-- GIVEN DATA follows --

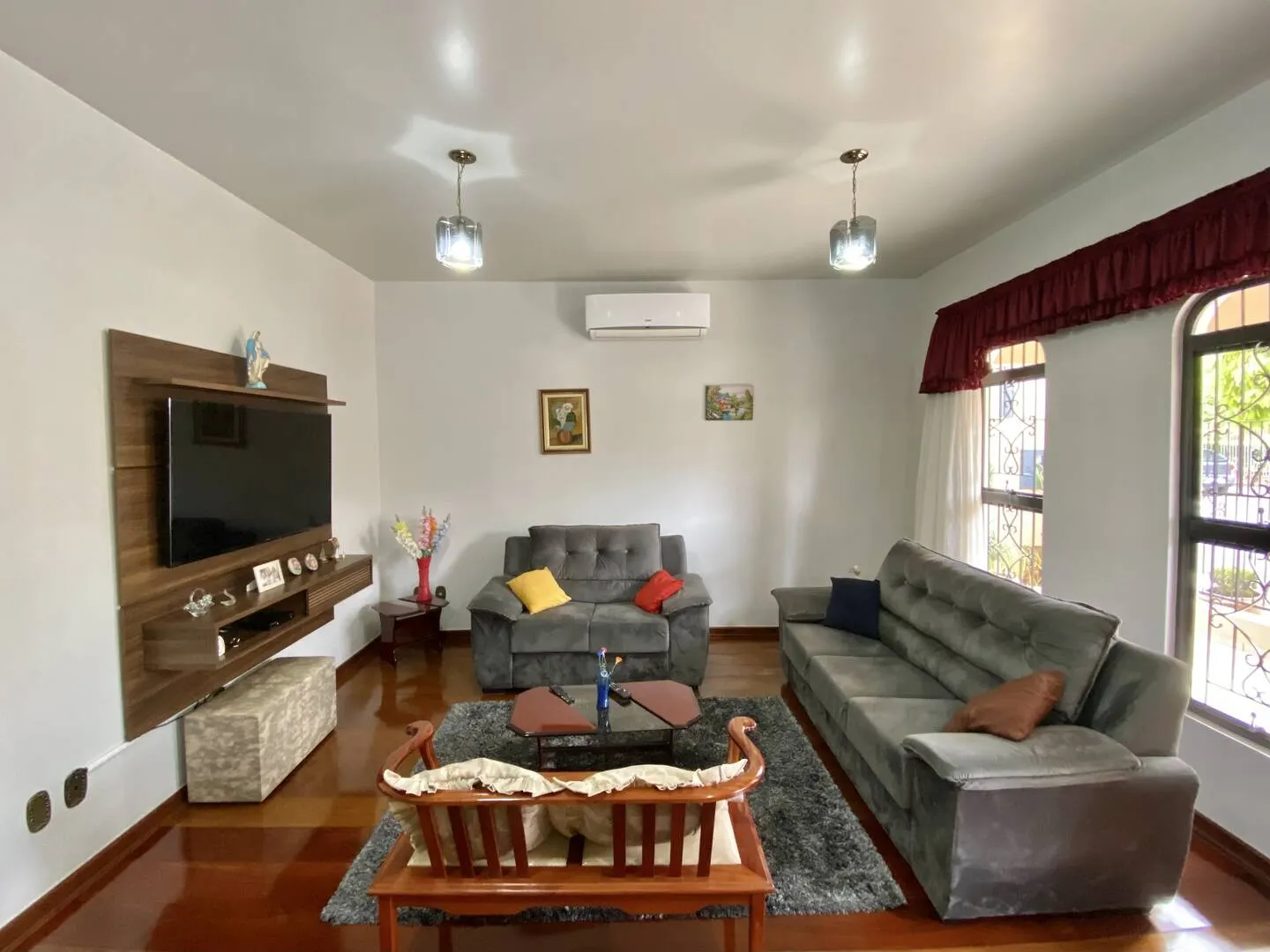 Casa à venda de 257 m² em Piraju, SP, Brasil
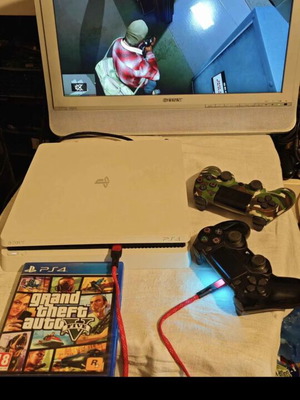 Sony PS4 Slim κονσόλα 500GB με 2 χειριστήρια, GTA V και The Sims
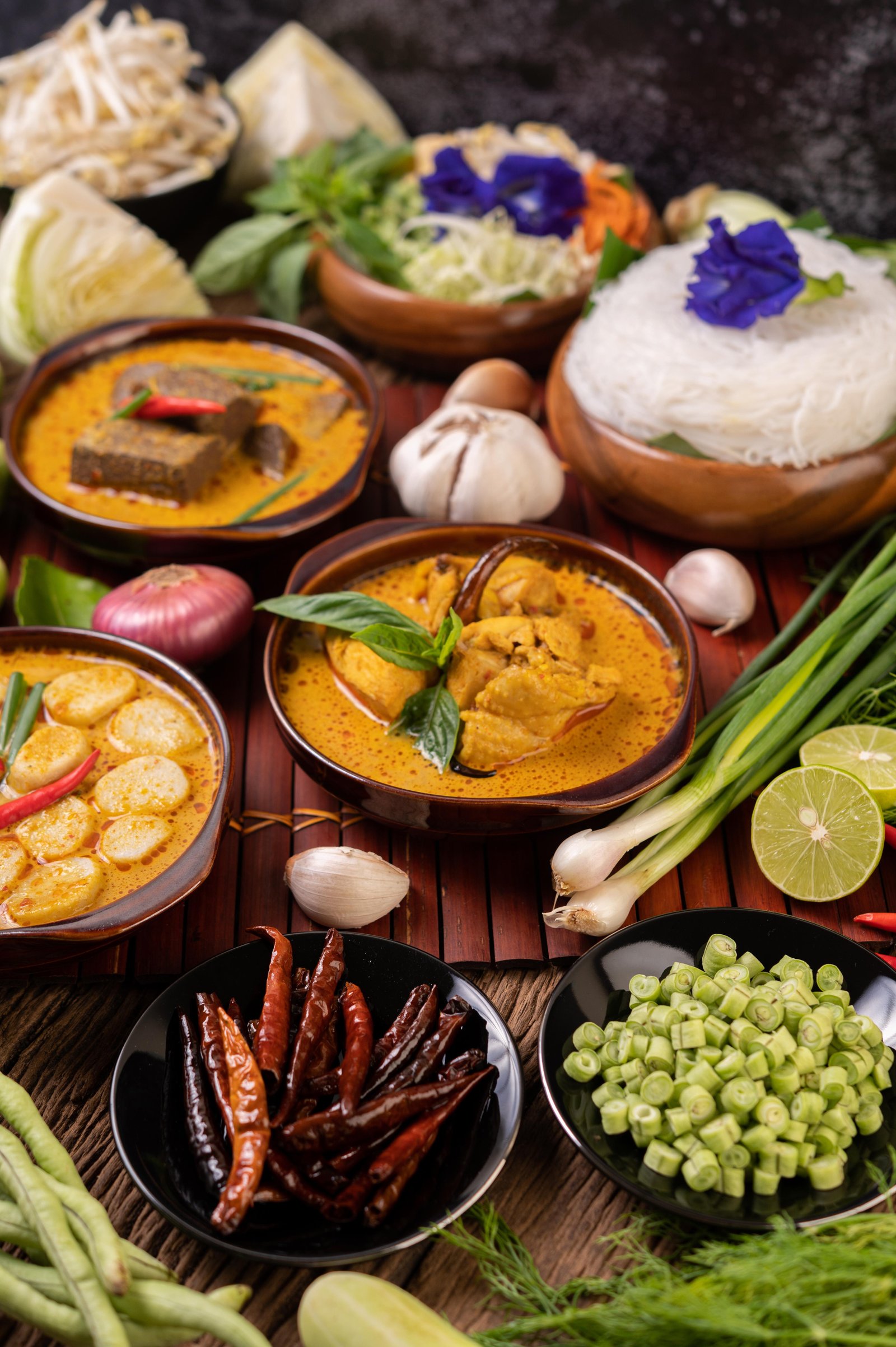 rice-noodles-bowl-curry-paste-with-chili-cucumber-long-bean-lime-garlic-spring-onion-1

-- GIVEN DATA concluded --
-- GIVEN DATA follows --

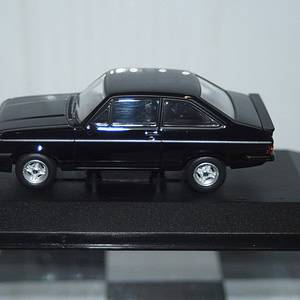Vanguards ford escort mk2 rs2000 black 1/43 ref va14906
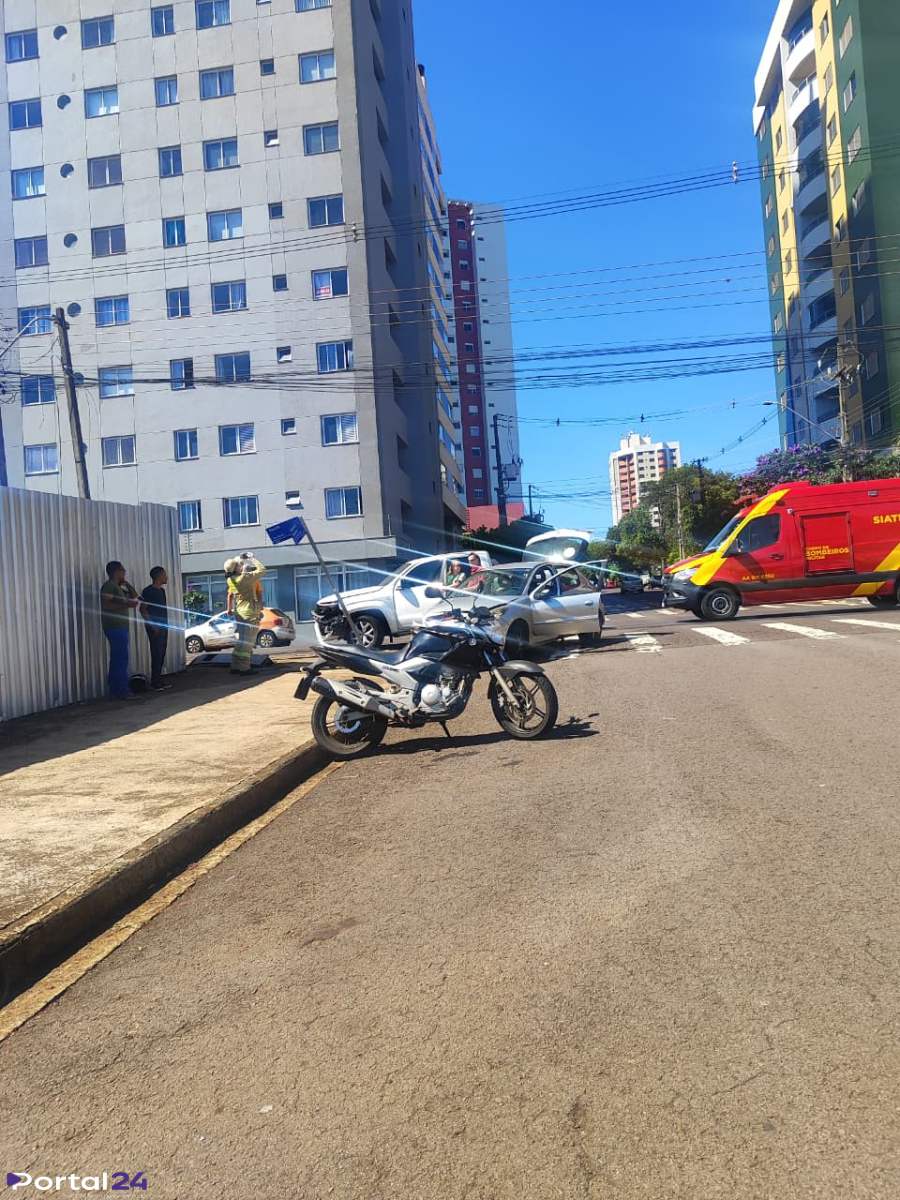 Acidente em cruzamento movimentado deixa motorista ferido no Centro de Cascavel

-- GIVEN DATA concluded --

• WHAT THE TASK REQUIRES
Output exactly the lines above, beginning at the one with "Vanguards ford escort" and stopping after the one with "Acidente em cruzamento". Pictures are to be omitted.

• EXERCISE ANSWER
Vanguards ford escort mk2 rs2000 black 1/43 ref va14906
 Acidente em cruzamento movimentado deixa motorista ferido no Centro de Cascavel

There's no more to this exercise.